Neutral citation: [2024] KEHC 960 (KLR)

Republic of Kenya

In the High Court at Nyahururu

Petition E007 of 2023

CM Kariuki, J

February 8, 2024

IN THE MATTER OF: ARTICLES 1, 2, 3, 10, 20, 21, 22, 23, 25, 27, 28, 35, 47, 48, 73, 159, 160, 165, 174, 196(1)(B) AND 258 OF THE CONSTITUTION OF KENYA AND IN THE MATTER OF: SECTION 2, 3, (F) AND 115 OF THE COUNTY GOVERNMENT ACT 2012 AND IN THE MATTER OF: SECTIONS 4(1) AND 5 (A) OF THE NYANDARUA COUNTY ALCOHOLIC DRINKS CONTROL ACT NO. 4 OF 2019 AND IN THE MATTER OF: THE CONSTITUTION OF THE NYANDARUA COUNTY ALCOHOLIC DRINKS MANAGEMENT & CONTROL COMMITTEE BETWEEN orders.

Between

Joseph Maina Muigana & 16 others

Petitioner

and

County Government of Nyandarua

Respondent

Judgment

1. By Petition dated 19/7/2023, the petitioners lodged their claim together with a Notice of Motion dated an even date seeking conservatory orders.

2. Subsequently, Interim Conservatory Orders were issued but the same were vacated when the matter came before the Hon. Judge for non-attendance by the Petitioners or their Advocates.

3. This prompted the filing of another Application to reinstate the vacated interim orders. However, the parties abandoned the pending applications and opted for the disposal of the petition.

4. Parties were directed to file any further Affidavits and skeleton submissions before 1/2/2024. However, by the time this decision was drafted none of the parties had filed any further pleadings or skeleton submissions. Thus, the court relied on the content of the Petitioner's pleadings and affidavits on record.

5. The Petition is supported by the Affidavit of Joseph Maina Mungana sworn on 19/7/2023 and annexures thereto.

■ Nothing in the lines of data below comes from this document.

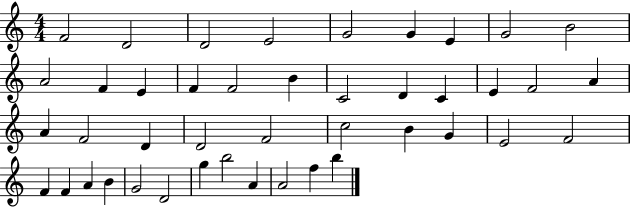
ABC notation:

X:1
T:Untitled
M:4/4
L:1/4
K:C
F2 D2 D2 E2 G2 G E G2 B2 A2 F E F F2 B C2 D C E F2 A A F2 D D2 F2 c2 B G E2 F2 F F A B G2 D2 g b2 A A2 f b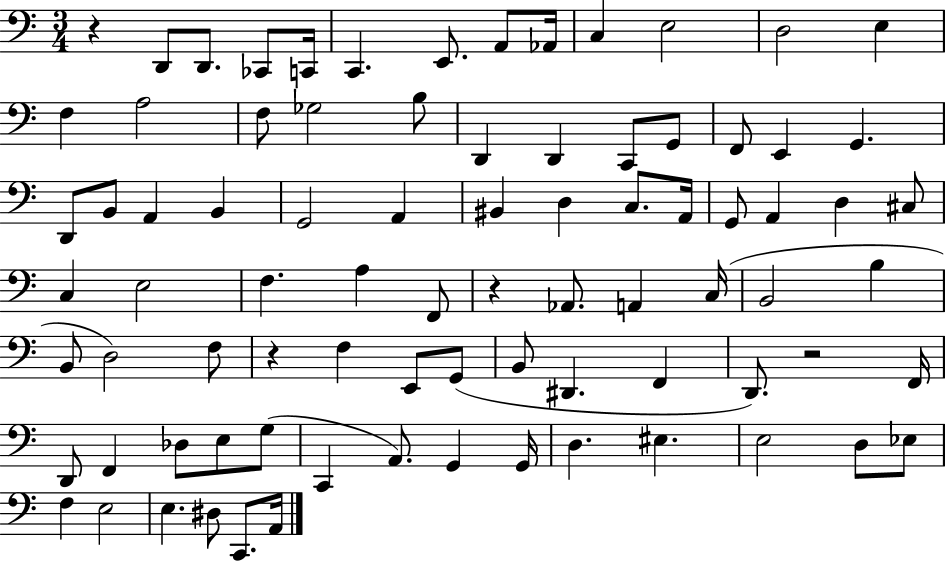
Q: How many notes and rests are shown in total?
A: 83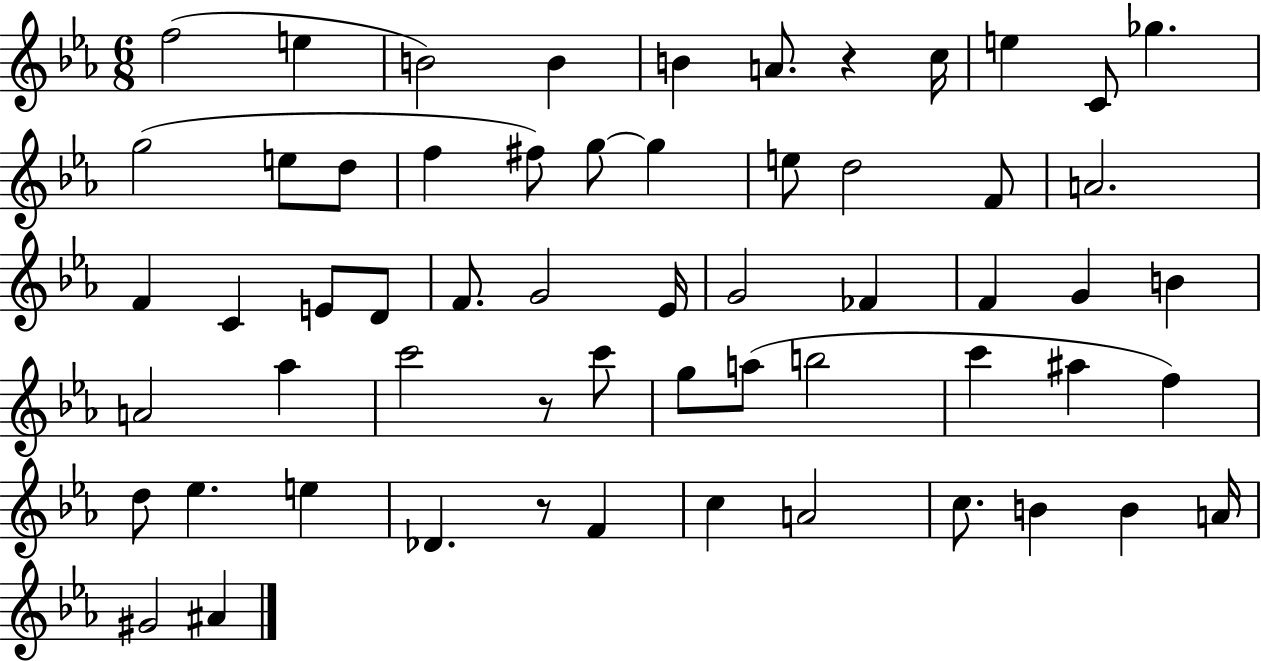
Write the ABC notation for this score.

X:1
T:Untitled
M:6/8
L:1/4
K:Eb
f2 e B2 B B A/2 z c/4 e C/2 _g g2 e/2 d/2 f ^f/2 g/2 g e/2 d2 F/2 A2 F C E/2 D/2 F/2 G2 _E/4 G2 _F F G B A2 _a c'2 z/2 c'/2 g/2 a/2 b2 c' ^a f d/2 _e e _D z/2 F c A2 c/2 B B A/4 ^G2 ^A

The Petition is opposed by Respondent via affidavit of Joseph Gatore sworn and filed on 1/8/2023.

6. The petitioners seek the following reliefs.a.A declaration that the closure of their businesses via notices dated 3rd July 2023 issued by the respondent to the petitioners was illegal and therefore null and void.b.An order of Certiorari to issue quashing closure notice dated 3rd July 2023 issued by the respondent to the petitioners herein.c.An order of Mandamus be issued compelling the County Government of Nyandarua to afford the Petitioners herein a fair Administrative process.d.An order of Mandamus be issued compelling the County Government of Nyandarua to issue the Petitioners herein with the required licenses to operate their respective business upon the conclusion of a fair Administrative process.e.Order of Prohibition do issue prohibiting the respondent either by themselves or any other person acting on their behalf from harassing the petitioners in their respective business herein.f.Any other order this honorable court may deem fit, just and in the interest of justice grant.g.The costs of this petition be provided for together with interest thereon at the court’s rate.

Petitioners’case 7. The petition is founded on the fact that. That the Petitioner are citizen of the Republic of Kenya and therefore entitled to equal protection of the law as other citizens of the said Republic. The petitioners are residents of Nyandarua County, businessmen and businesswomen operating their respective businesses of Bar within Nyandarua County.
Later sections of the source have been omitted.